Administration officials poured cold water on any claims of a halt in aid, however, with Pentagon spokesman George Little saying categorically, “There has been no decision to halt or to suspend assistance to Egypt.”

At the State Department, deputy spokeswoman Marie Harf said Tuesday “We have not made a policy decision to halt our aid to Egypt, period.” At the same time, Mr. Obama planned to hold a cabinet-level meeting Tuesday afternoon at which the question of aid to Egypt would be addressed, officials said.           

The administration is now reviewing the delivery – programmed for this month – of 10 Apache attack helicopters, and a subsequent delivery of “kits” for the assembly of armored tanks. The State Department has informed congressional committees that these and other programmed military hardware packages are “under review.”

The administration is actually undertaking two reviews, according to Ms. Harf: a “legal review” of what aid programs might be limited by US law that prohibits military assistance in the case of a military coup against a democratically elected government; and a “broad review” of US policy toward Egypt and whether or not aid should proceed given conditions on the ground in Egypt and US national interests. 

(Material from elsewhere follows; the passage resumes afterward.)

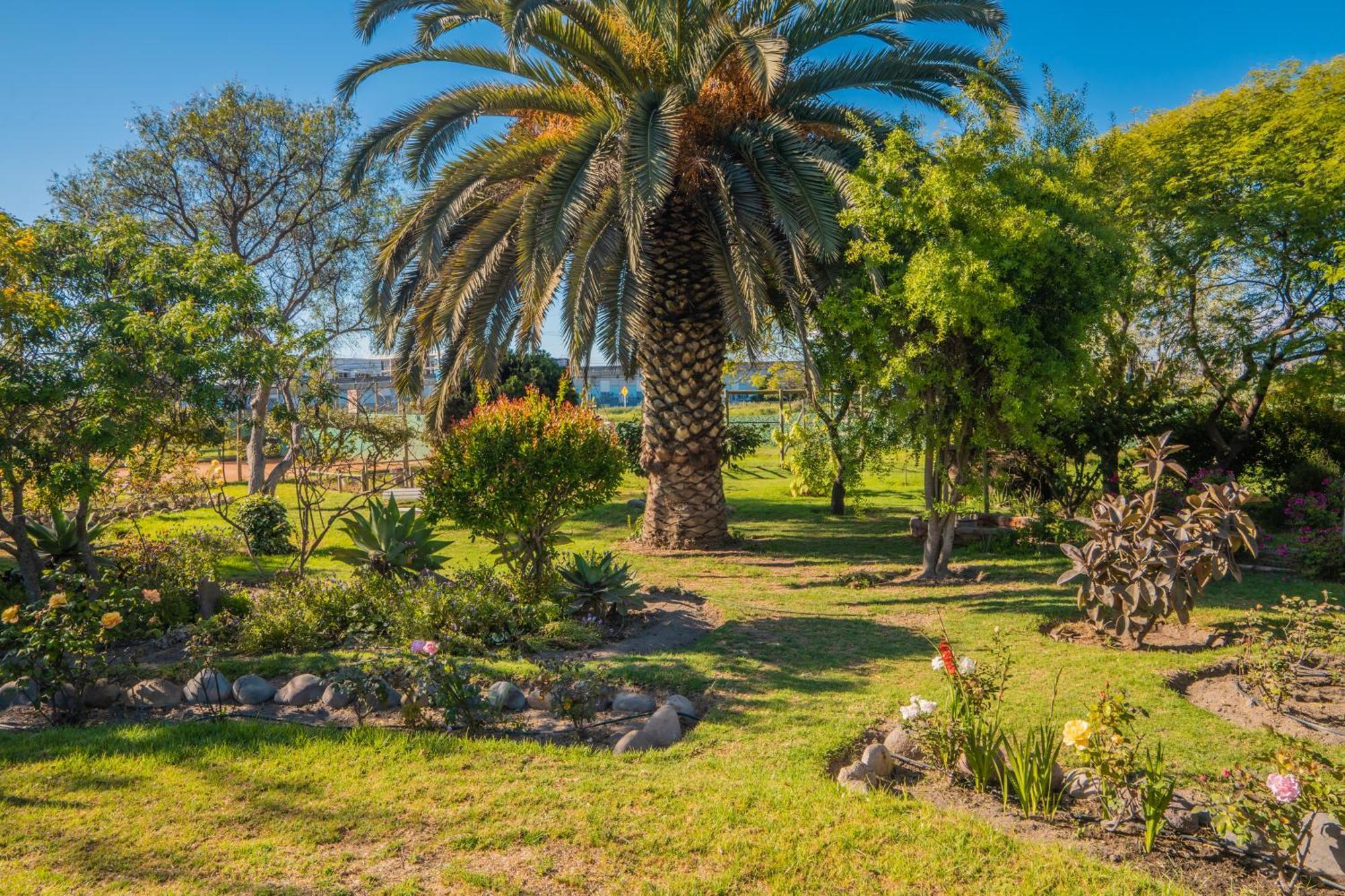 Cabanas Villa Los Platanos Λα Σερένα Εξωτερικό φωτογραφία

The Obama administration has already halted the planned delivery to Egypt of F-16 fighter jets, and the president announced last Friday the cancellation of a joint US-Egypt military exercise planned for September.

But it remains unclear what if any leverage such moves, which amount to a rebuke of Egypt’s military rulers, give the US.

For one thing, the initial limited rebukes of Egypt and the broader policy review come as others in the region – including US partners Saudi Arabia, Kuwait, and even Israel – have pledged to make up for any lost aid and decreased military cooperation Egypt incurs as a result of its crackdown on the Muslim Brotherhood.

The military rulers’ string of recent actions – including Tuesday’s arrest of the Muslim Brotherhood’s spiritual leader, and preparations to ban again an organization that only since former President Hosni Mubarak’s ouster in 2011 was allowed to participate in elections – indicate clearly which of Egypt’s outside partners have the leadership’s ear.

That reality is not news to the Obama administration, Katulis of the Center for American Progress says. “Very few people in the administration are under the illusion that any of the actions we’ve already taken, or the actions we’re likely to take, will have much influence on the domestic political situation,” he says.

That view echoes some of the few candid statements out of the administration, including from Defense Secretary Chuck Hagel, who said Tuesday, “Our ability to influence the outcome in Egypt is limited.” He added, “It’s up to the Egyptian people.… It will be their responsibility to sort this out.”

The Obama administration is under no illusions that “holding back all the aid would somehow increase the likelihood of [Egypt] … returning to a path towards democracy,” Katulis says.

What is driving the administration’s very careful response to Egypt is a pragmatic assessment that a top-to-bottom redo of relations with Egypt could have a wide impact on US national security interests in a critical region of the world.

“What they are concerned about is a regional security strategy the US has long relied on – and to what extent that strategy depends on the cooperative relationship with the Egyptian military that we have maintained for decades,” Katulis says.

Caution toward decisions that could alter significantly the security of a critical region is understandable. But Katulis says the US also needs to consider what value a partner that chooses a confrontational domestic path and descends into chaos will be to US national security concerns.

“If the Egyptian military pursues a course that leads to disarray,” he says, “what becomes of their determination and their ability to deal with something like the terrorist groups that are profiting from the situation to expand their activities?”